Note that D138546 is removing the call to inferTargetAndDriverMode() from GlobalCompilationDatabase.cpp. It adds equivalent logic too CommandMangler which is used for CDBs pushed from LSP as well, so it accomplishes objective of this patch with respect to inferTargetAndDriverMode (but not inferMissingCompileCommands).

Note that D138546 is removing the call to inferTargetAndDriverMode() from GlobalCompilationDatabase.cpp. It adds equivalent logic too CommandMangler which is used for CDBs pushed from LSP as well, so it accomplishes objective of this patch with respect to inferTargetAndDriverMode (but not inferMissingCompileCommands).

@nridge I think D138546 solves the issue only partially and we need both patches applied. inferMissingCompileCommands and expandResponseFiles also needs to be applied to command pushed via LSP. I can rebase on top of D138546 if it will be landed first and update test. Please advise which patch should land first?

There is a discrepancy between how clangd processes CDB loaded from JSON file on disk and pushed via LSP.

That's actually because we model compile commands pushed via LSP as a "fixed compilation database" rather than a json compilation database (you can check the code in parseFixed, near parseJson).
The reason behind the discrepancy between fixed and json compilation databases mostly arises from the fact that the former is written by people specifically to be used by clang-tooling, whereas the latter is usually provided by build system and doesn't necessarily have the same concerns as clang-tooling hence requires certain modifications.

That being said, the two particular transformations (response files & target/mode inference) seem like outliers when it comes to such transformations.

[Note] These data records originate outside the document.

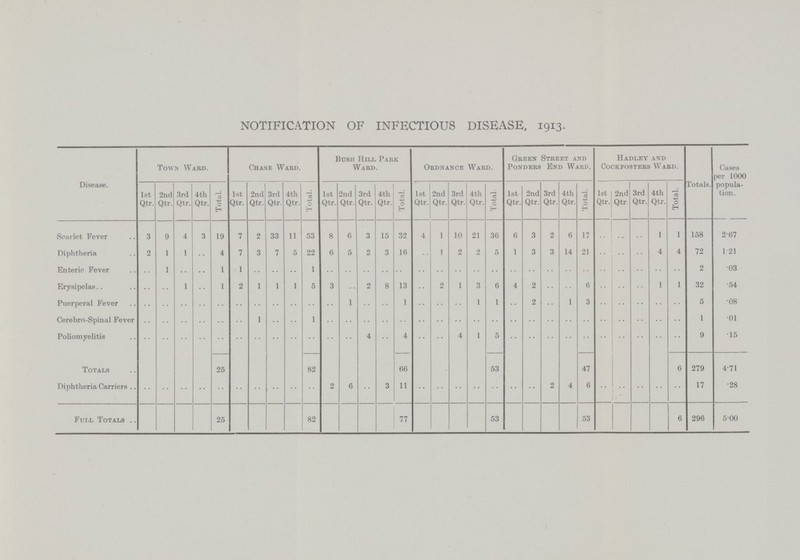 NOTIFICATION OF INFECTIOUS DISEASE, 1913. Disease. Town Ward. Chase Ward. Bush Hill Park Ward. Ordnance Ward. Green Street and Ponders End Warp. Hadley and cockfosters ward. Totals. Cases per 1000 popula tion. 1st Qtr. 2nd Qtr. 3rd Qtr. 4 th Qtr. Total. 1st Qtr. 2nd Qtr. 3rd Qtr. 4th Qtr. Total. 1st Qtr. 2nd Qtr. 3rd Qtr. 4th Qtr. Total. 1st Qtr. 2nd Qtr. 3rd Qtr. 4th Qtr. Total. 1st Qtr. 2nd Qtr. 3rd Qtr. 4th Qtr. Total. 1st Qtr. 2nd Qtr. 3rd Qtr. 4th Qtr. Total. Scarlet Fever 3 9 4 3 19 7 2 33 11 53 8 6 3 15 32 4 1 10 21 36 6 3 2 6 17 .. .. .. 1 1 158 2.67 Diphtheria 2 1 1 .. 4 7 3 7 5 22 6 5 2 3 16 .. 1 2 2 5 1 3 3 14 21 .. .. .. 4 4 72 1.21 Enteric Fever .. 1 .. .. 1 1 .. .. .. 1 .. .. .. .. .. .. .. .. .. .. .. .. .. .. .. .. .. .. .. .. 2 .03 Erysipelas .. .. 1 .. 1 2 1 1 1 5 3 .. 2 8 13 .. 2 1 3 6 4 2 .. .. 6 .. .. .. 1 1 32 .54 Puerperal Fever .. .. .. .. .. .. .. .. .. .. .. 1 .. .. 1 .. .. .. 1 1 .. 2 .. 1 3 .. .. .. .. .. 5 .08 Cerebro-Spinal Fever .. .. .. .. .. .. 1 .. .. 1 .. .. .. .. .. .. .. .. .. .. .. .. .. .. .. .. .. .. .. .. 1 .01 Poliomyelitis .. .. .. .. .. .. .. .. .. .. .. .. 4 .. 4 .. .. 4 1 5 .. .. .. .. .. .. .. .. .. .. 9 .15 Totals 25 82 66 53 47 6 279 4.71 Diphtheria Carriers .. .. .. .. .. .. .. .. .. .. 2 6 .. 3 11 .. .. .. .. .. .. .. 2 4 6 .. .. .. .. .. 17 .28 Full Totals 25 82 77 53 53 6 296 5.00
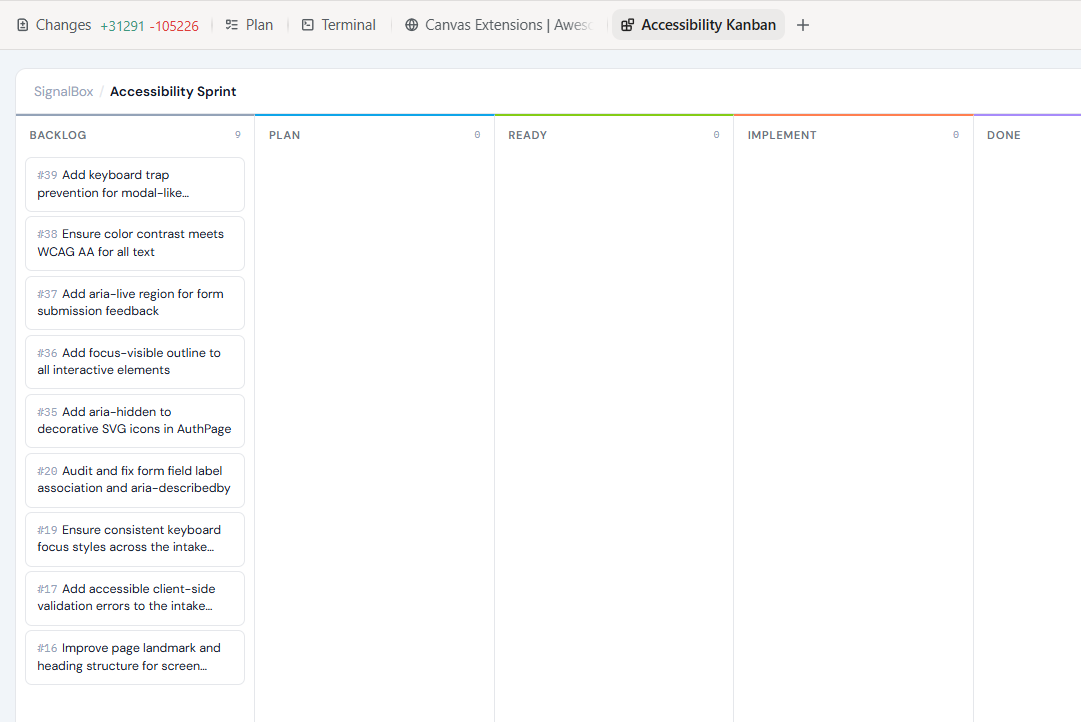 Repository Issues Kanban preview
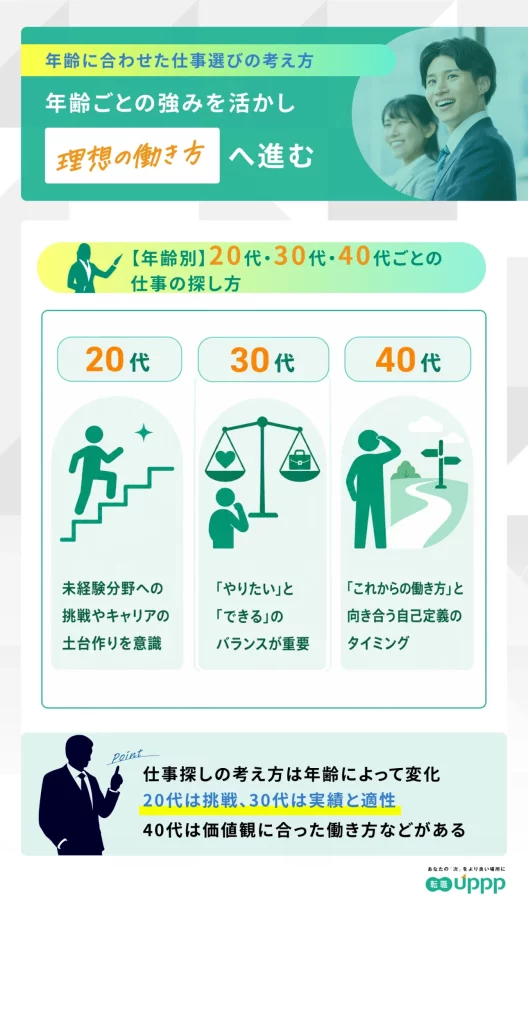 20代・30代・40代ごとの仕事の探し方。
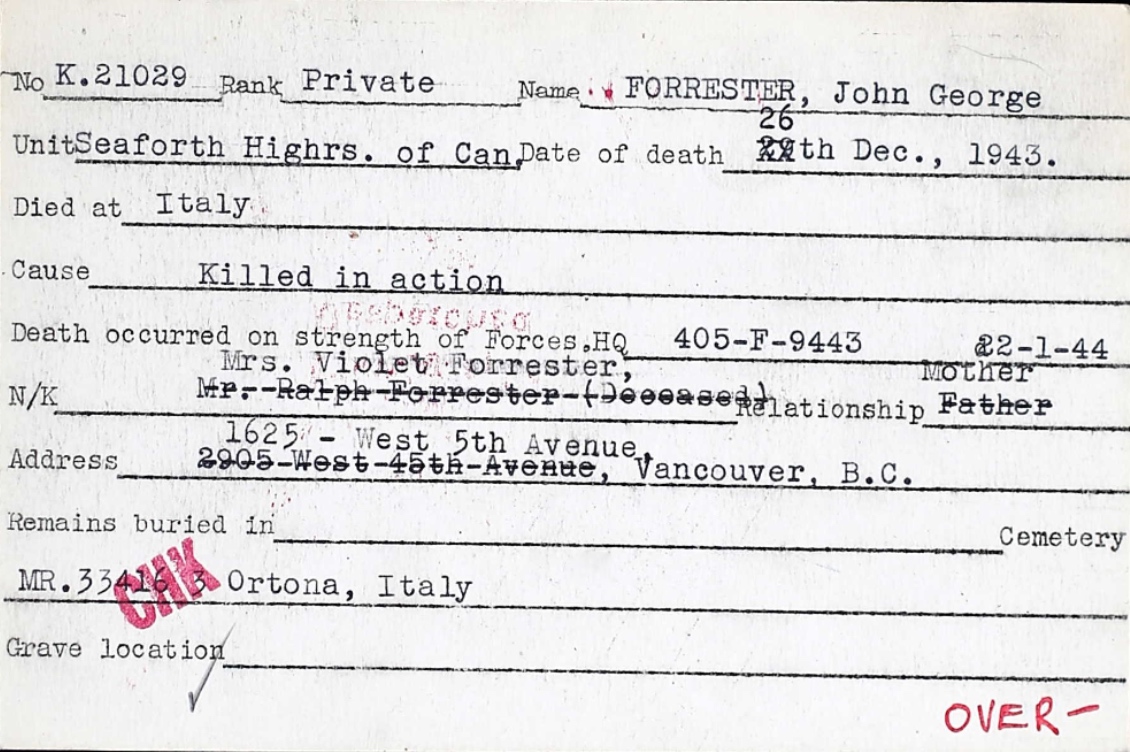 Circumstances of death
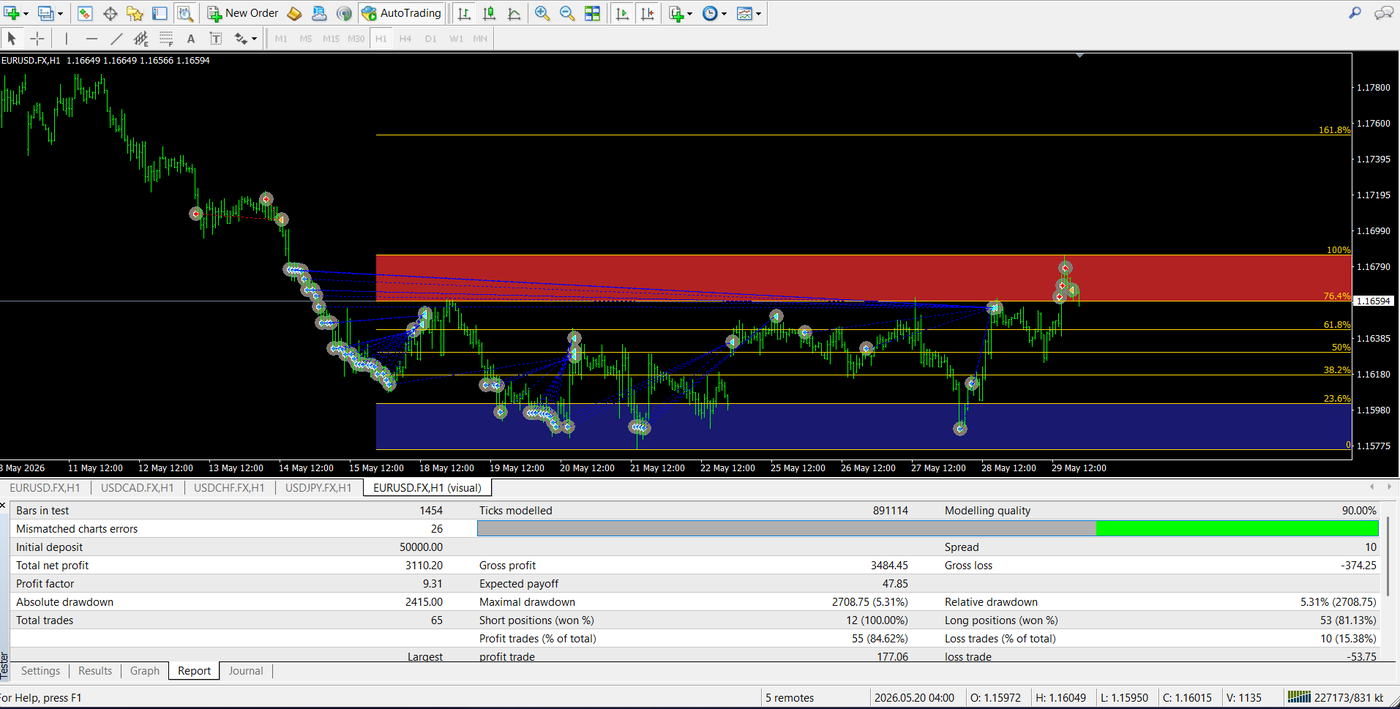 MetaTrader 4 Strategy Tester backtest report for Auto Fib Football on EURUSD H1, showing net profit, profit factor and drawdown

These are handled by clang-driver binary, outside of the driver library, in https://github.com/llvm/llvm-project/blob/main/clang/tools/driver/driver.cpp#L426 and https://github.com/llvm/llvm-project/blob/main/clang/tools/driver/driver.cpp#L534. Therefore all the other tools that wants to make use of clang infra tries to simulate this logic, at different layers with slight differences (at the bare minimum, as the logic isn't shared and people mostly care about the driver, logic in other places just gets out-of-date).
I believe the right thing to do here is putting all that arg preparation logic into driver library itself, so that all code paths that tries to create a compiler invocation can have the same behaviour. Unfortunately this is likely too hard to pull at this stage, due to people relying on almost every implementation detail of these interfaces.
So a middle ground would probably involve, moving that logic inside driver binary to a common library, so that future users can at least directly use it rather than trying to come up with their own interpretation (or trying to chose from existing N patterns) and we'll get rid of the issues that result from logic in this place and its duplicates getting out-of-sync. This way we don't need to migrate all the applications that want to create a compiler invocation to a new API and can only migrate clangd (CommandMangler is I believe the right layer for these purposes. as it handles all "string"-like modifications on the compile flags today).

Does that make sense? Is it something you'd like to propose a patch for? Because as things stand I think we're just making the matter worse here by introducing some new code paths that're trying to emulate the logic in driver today and will get out of sync at some point.

clang-tools-extra/clangd/ClangdLSPServer.cpp
1350 ↗(On Diff #495431)

it looks like this comparison is no longer valid.

OverlayCDB::getCompileCommand will apply more modifications to the stored flags than just expanding response files and inferring targets. I believe the intent of this interaction was to treat compile flags from the LSP client as-is without any modifications (as I explained more in my main comment).

No action needed right now, just thinking out-loud. I think the proper thing to do here is apply these "common driver transformations" here, and store/use the flags as is going forward inside clangd, without extra mangling.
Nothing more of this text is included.